Kerry urges TCP status for dune shacks

Banner Daily Update posted Sat. Aug. 18

By Kaimi Rose Lum
Banner Staff

PROVINCETOWN — Dune dwellers gained the support of Sen. John Kerry this week in their bid for a special status on the National Register of Historic Places.

On Wednesday, Sen. Kerry asked the National Park Service to reverse a previous decision and designate the dune shack district of Provincetown and Truro a “traditional cultural property,” a category reserved on the National Register for places that harbor important, living cultural resources and are important to the identity of the community as a whole. The Keeper of the National Register, a division of the Park Service, denied the dune shacks that status in May even after the Park Service’s own hired ethnographers determined that the shacks met the criteria for a “TCP.”

“I am concerned that the decision to deny designation is in direct conflict with the May 2006 ethnography study ... by Robert Wolfe and T.J. Ferguson, commissioned by your agency,”’ Kerry wrote to the director of the National Park Service, Mary Bomar.

Kerry challenged the Park Service’s argument that the dune shack district does not qualify for TCP status because the groups inhabiting it are “fluid, evolving” and vary from one year to the next.
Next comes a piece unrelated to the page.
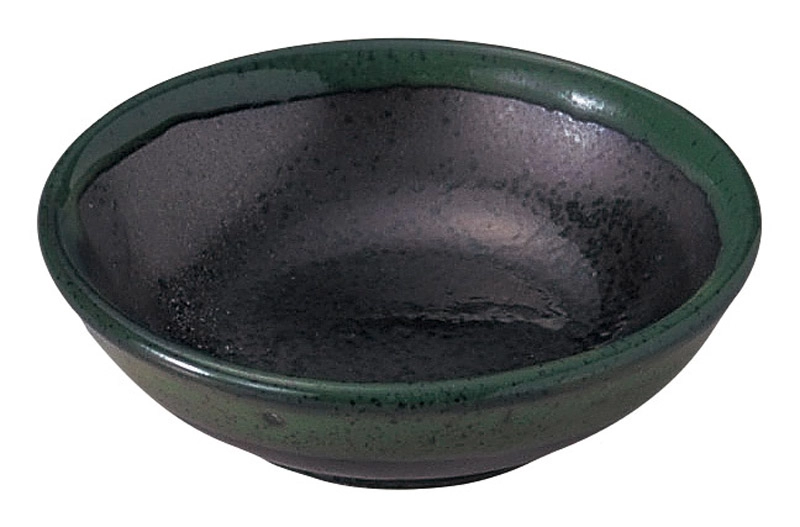 薬味皿 陶器 8cm 小皿 醤油皿 豆皿 おしゃれ 和食器 日本製 豆皿定食 四季彩陶器 業務用 グリーン志野 50077091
“While some of the population varies year to year based on the rental property administered by the Provincetown Community Compact and the Peaked Hill Trust, this in no way diminishes the value of the culture, especially given that many of the shacks are occupied by multiple generations of the same family and some individuals have made the shacks their homes for over 50 summers,” he wrote.

Jerry Gaumer, a spokesperson for the National Park Service, said Friday he was unclear on the procedure Bomar and the Keeper would need to follow in order to reconsider the decision, should they reconsider. Bomar was out of the office this week and unable to comment, he said.